Extracted data:
Content starts

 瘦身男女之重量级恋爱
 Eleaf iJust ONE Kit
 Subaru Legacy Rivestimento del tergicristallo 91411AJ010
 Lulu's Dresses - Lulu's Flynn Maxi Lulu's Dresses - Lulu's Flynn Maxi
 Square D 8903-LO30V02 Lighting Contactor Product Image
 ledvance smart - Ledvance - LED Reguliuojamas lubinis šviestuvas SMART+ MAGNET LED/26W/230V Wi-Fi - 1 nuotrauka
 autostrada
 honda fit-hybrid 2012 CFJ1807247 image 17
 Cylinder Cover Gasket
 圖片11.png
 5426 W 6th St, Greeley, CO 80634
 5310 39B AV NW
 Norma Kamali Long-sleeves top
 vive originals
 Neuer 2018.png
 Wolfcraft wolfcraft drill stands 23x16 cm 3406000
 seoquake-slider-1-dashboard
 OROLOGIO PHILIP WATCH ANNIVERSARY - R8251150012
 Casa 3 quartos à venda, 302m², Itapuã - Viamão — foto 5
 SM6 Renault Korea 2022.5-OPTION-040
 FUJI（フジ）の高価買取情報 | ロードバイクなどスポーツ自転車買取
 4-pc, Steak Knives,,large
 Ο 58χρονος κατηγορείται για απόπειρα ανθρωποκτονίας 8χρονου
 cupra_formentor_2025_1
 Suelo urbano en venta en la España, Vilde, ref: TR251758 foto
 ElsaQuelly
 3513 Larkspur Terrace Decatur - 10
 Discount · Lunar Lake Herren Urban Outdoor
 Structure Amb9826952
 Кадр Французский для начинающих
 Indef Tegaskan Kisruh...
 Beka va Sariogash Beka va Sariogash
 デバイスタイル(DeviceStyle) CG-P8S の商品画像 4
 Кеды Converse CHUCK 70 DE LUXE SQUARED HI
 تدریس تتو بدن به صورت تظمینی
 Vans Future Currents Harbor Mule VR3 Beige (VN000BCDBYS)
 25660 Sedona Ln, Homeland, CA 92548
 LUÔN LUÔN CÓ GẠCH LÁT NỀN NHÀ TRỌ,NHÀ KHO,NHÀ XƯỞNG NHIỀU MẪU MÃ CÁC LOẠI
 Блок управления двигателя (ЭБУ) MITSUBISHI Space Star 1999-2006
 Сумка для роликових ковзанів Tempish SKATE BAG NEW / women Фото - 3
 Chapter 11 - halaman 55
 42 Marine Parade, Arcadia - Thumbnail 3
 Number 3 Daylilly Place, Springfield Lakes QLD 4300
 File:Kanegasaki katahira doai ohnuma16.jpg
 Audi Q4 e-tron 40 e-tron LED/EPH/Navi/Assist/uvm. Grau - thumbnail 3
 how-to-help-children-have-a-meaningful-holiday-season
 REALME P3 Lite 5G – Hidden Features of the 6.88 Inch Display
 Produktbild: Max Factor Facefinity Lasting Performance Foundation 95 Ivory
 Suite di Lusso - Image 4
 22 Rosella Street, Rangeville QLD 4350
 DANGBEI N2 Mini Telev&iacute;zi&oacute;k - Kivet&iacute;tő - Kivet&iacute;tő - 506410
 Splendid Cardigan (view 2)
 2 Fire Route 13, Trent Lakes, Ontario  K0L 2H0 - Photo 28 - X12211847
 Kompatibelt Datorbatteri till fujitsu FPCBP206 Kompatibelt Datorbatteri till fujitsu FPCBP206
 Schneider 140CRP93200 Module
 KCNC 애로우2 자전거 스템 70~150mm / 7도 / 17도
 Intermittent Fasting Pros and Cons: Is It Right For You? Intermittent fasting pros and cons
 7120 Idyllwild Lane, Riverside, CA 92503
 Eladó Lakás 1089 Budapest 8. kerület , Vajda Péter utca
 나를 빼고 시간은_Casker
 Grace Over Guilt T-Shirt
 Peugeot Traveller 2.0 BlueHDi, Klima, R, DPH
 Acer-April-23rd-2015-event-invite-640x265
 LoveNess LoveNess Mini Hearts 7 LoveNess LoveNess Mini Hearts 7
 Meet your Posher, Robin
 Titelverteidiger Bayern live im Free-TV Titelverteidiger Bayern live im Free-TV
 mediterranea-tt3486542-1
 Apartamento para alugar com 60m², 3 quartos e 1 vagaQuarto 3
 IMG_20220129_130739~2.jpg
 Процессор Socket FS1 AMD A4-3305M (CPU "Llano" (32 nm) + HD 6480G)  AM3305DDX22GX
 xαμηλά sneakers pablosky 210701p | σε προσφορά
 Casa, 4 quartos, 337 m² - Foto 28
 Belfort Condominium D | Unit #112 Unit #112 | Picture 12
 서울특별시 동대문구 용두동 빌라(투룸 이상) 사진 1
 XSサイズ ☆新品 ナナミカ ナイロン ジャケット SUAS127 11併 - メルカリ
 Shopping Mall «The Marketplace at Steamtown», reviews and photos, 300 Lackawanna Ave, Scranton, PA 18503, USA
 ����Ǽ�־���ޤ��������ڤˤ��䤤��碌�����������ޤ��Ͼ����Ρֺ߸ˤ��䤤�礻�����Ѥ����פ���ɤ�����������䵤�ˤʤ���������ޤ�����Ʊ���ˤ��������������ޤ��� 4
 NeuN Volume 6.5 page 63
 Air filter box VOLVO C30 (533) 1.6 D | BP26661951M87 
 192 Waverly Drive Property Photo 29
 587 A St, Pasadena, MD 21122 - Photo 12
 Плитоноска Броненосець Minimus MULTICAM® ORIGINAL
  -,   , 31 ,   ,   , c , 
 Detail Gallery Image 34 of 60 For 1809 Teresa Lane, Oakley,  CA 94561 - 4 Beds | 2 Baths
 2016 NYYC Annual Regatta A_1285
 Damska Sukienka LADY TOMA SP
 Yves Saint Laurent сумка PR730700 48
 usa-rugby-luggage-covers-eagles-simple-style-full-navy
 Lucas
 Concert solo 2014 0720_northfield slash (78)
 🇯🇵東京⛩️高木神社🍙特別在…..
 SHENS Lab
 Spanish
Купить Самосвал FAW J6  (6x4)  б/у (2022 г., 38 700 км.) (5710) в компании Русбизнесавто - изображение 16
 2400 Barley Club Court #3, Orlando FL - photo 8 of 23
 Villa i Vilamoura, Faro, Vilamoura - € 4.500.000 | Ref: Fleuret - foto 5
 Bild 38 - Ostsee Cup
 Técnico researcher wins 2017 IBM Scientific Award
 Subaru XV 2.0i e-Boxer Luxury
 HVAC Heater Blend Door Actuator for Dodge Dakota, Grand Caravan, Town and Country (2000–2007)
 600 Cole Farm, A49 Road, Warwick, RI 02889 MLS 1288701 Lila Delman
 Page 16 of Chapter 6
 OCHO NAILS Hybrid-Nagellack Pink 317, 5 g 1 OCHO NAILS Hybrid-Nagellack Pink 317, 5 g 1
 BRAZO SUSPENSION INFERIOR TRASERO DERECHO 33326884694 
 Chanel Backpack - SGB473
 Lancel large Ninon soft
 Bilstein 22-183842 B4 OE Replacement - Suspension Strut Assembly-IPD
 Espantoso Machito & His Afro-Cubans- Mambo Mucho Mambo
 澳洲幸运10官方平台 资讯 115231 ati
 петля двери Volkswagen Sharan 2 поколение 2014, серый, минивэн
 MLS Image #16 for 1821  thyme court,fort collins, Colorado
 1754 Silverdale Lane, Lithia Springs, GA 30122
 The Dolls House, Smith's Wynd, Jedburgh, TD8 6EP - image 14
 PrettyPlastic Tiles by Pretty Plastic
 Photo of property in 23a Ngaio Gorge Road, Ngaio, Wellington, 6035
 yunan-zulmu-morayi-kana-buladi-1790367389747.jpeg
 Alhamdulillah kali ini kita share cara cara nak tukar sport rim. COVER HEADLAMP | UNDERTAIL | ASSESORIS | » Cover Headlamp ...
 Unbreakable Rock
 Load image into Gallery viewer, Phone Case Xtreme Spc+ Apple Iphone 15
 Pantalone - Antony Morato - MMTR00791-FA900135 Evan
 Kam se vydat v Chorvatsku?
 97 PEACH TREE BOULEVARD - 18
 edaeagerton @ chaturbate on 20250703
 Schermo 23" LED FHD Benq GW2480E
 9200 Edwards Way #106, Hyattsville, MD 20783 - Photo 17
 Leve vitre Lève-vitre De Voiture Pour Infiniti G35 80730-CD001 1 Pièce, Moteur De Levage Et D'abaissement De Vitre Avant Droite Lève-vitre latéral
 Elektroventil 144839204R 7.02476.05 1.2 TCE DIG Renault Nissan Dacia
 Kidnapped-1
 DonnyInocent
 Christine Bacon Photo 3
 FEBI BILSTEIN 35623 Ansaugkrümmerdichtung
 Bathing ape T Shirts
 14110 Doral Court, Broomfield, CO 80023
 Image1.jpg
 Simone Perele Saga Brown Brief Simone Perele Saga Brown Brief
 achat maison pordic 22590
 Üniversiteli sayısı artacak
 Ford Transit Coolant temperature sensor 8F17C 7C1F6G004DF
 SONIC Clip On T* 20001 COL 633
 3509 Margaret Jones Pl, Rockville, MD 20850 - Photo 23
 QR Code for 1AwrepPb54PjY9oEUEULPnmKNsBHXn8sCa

Content ends

Required action: The reply should hold only the lines from the beginning of the listing above through the line with "honda fit-hybrid 2012 CFJ1807247 image 17", each one written exactly as it appears.

Solution to this problem:
 瘦身男女之重量级恋爱
 Eleaf iJust ONE Kit
 Subaru Legacy Rivestimento del tergicristallo 91411AJ010
 Lulu's Dresses - Lulu's Flynn Maxi Lulu's Dresses - Lulu's Flynn Maxi
 Square D 8903-LO30V02 Lighting Contactor Product Image
 ledvance smart - Ledvance - LED Reguliuojamas lubinis šviestuvas SMART+ MAGNET LED/26W/230V Wi-Fi - 1 nuotrauka
 autostrada
 honda fit-hybrid 2012 CFJ1807247 image 17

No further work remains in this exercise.